Update 1: IE team Program Manager Eric Lawrence "I strongly recommend that developers not list MIME types here." Yet Silverlight and Office do. Whoops.
Update 2: IE doesn't send the extended header on *every* request, it sends */* for refreshes and some subsequent visits. [IEBlog]
It is not just wasted bandwidth that is the problem, it is wasted server processing, too. If a server or framework wants to follow through on the HTTP protocol the server must be sure it can't respond with any of the requested formats before it can respond with HTML. Bottom line: IE's Accept header is extremely ugly.
If WebKit is Foolish and IE is Prodigal how valuable is the Accept header?
This was the question I asked myself about half-way through writing the Accept parsing and content-negotiation code going into the next release of Recess, a RESTful PHP framework.

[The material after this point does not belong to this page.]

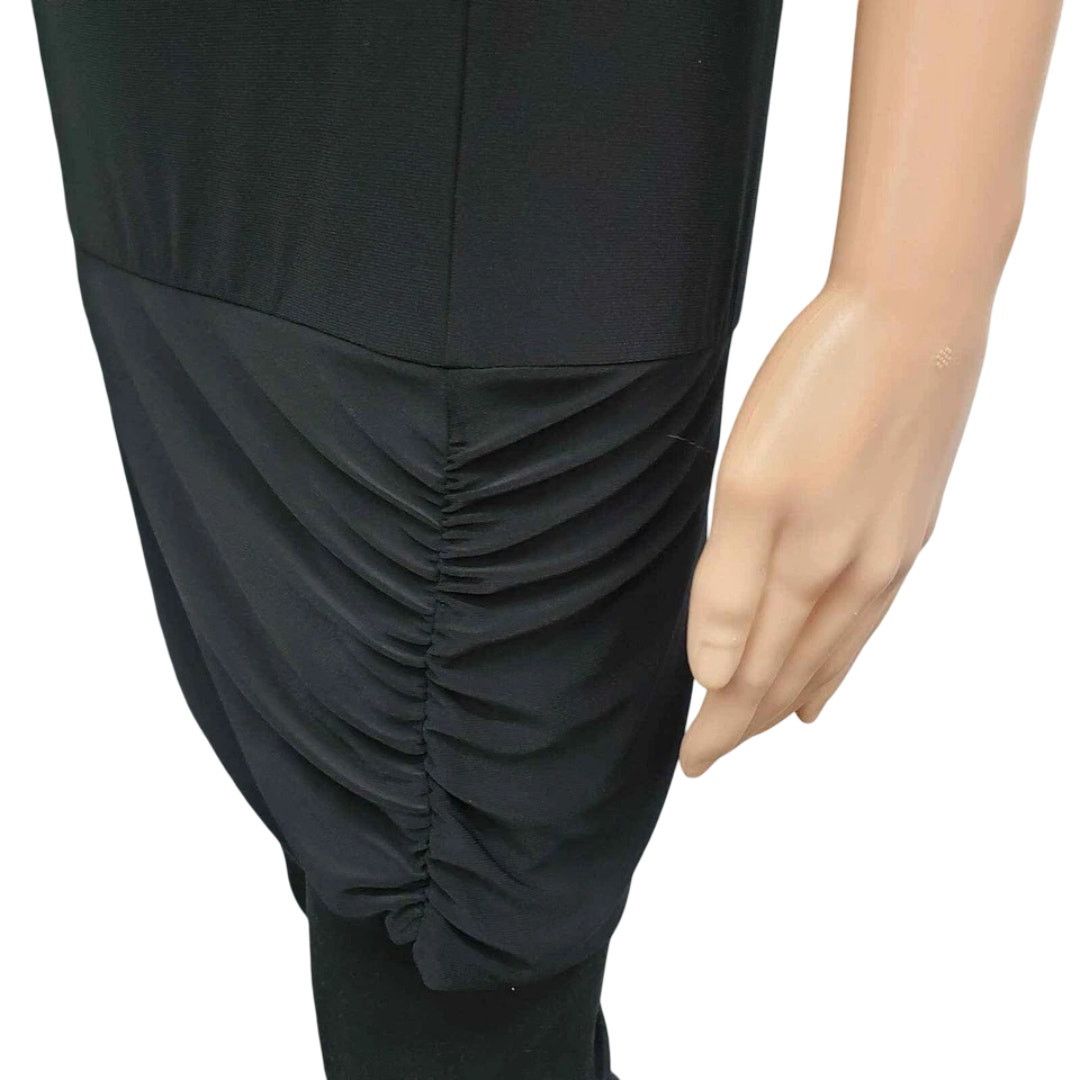 White House Black Market WHBM Button Shoulder Tunic Dress M Drape Ruched Black Size M / US 6-8 / IT 42-44 - 7 Thumbnail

Content-negotiation with the Accept header is an interesting idea in principle that is hard to use properly in practice because browsers misuse it. As stated, Twitter's REST API doesn't use the Accept header for content-negotiation, they use extensions on the URL '.json' and '.xml'. Rails disables the Accept header by default. Frameworks can enhance performance by ignoring the Accept header and relying on '.xml'-like extensions. As such the next release of the Recess Framework, too, will disable Accept header based content-negotiation by default.
So, when would you want to parse Accept headers for content negotiation? When your consumers are respectful of HTTP and REST (RESpecTful!). This could mean RIAs written in javascript, Flash, or Silverlight. It could also mean other other servers consuming your RESTful API.
Bottom line: If you're building APIs for other developers to consume, consider using Accept-based content-negotiation. If you're building consumer facing web apps: ignore the Accept header until WebKit and IE get their acts together.